● **WHAT NEEDS TO BE DONE**: Quote all of the data that follows exactly as written, skipping the images.
===== COLLECTED DATA
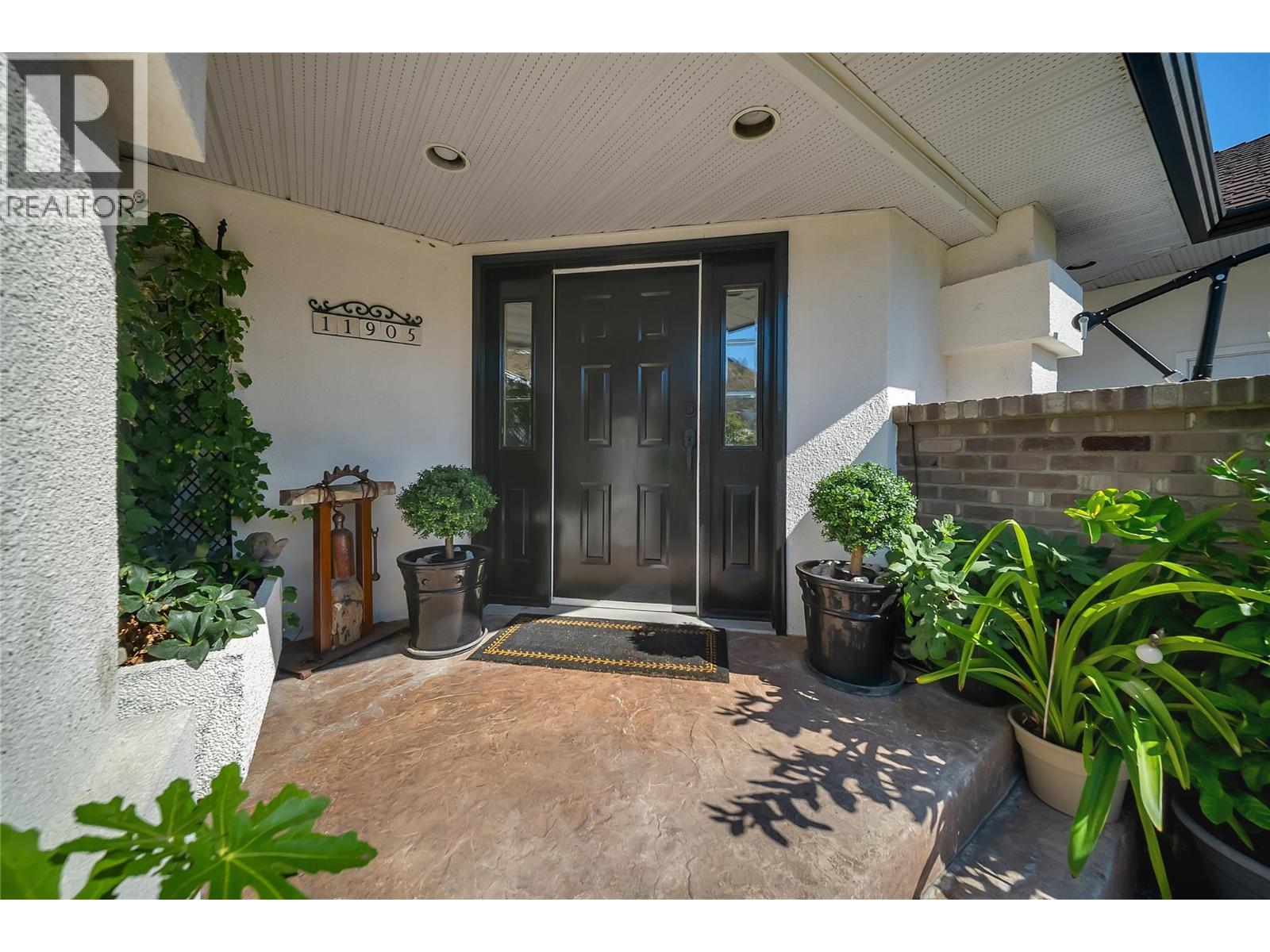 11905 Quail Ridge Place, Osoyoos, British Columbia  V0H 1V4 - Photo 7 - 10399357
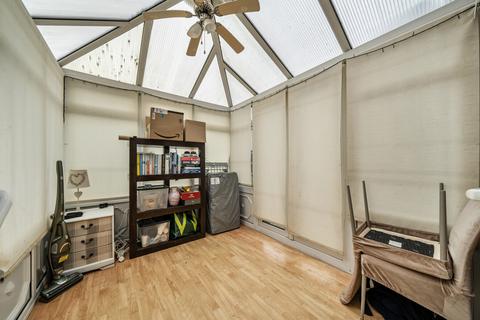 3 bedroom semi-detached house for sale, Coombfield Drive, Darenth, Dartford, Kent, DA2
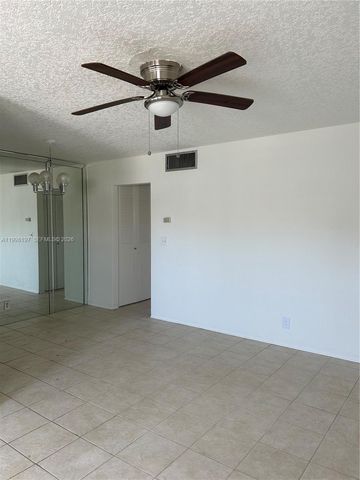 2225 Polk Street 6B, Hollywood, FL 33020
==========
● **COMPLETED TASK**:
 11905 Quail Ridge Place, Osoyoos, British Columbia  V0H 1V4 - Photo 7 - 10399357
 3 bedroom semi-detached house for sale, Coombfield Drive, Darenth, Dartford, Kent, DA2
 2225 Polk Street 6B, Hollywood, FL 33020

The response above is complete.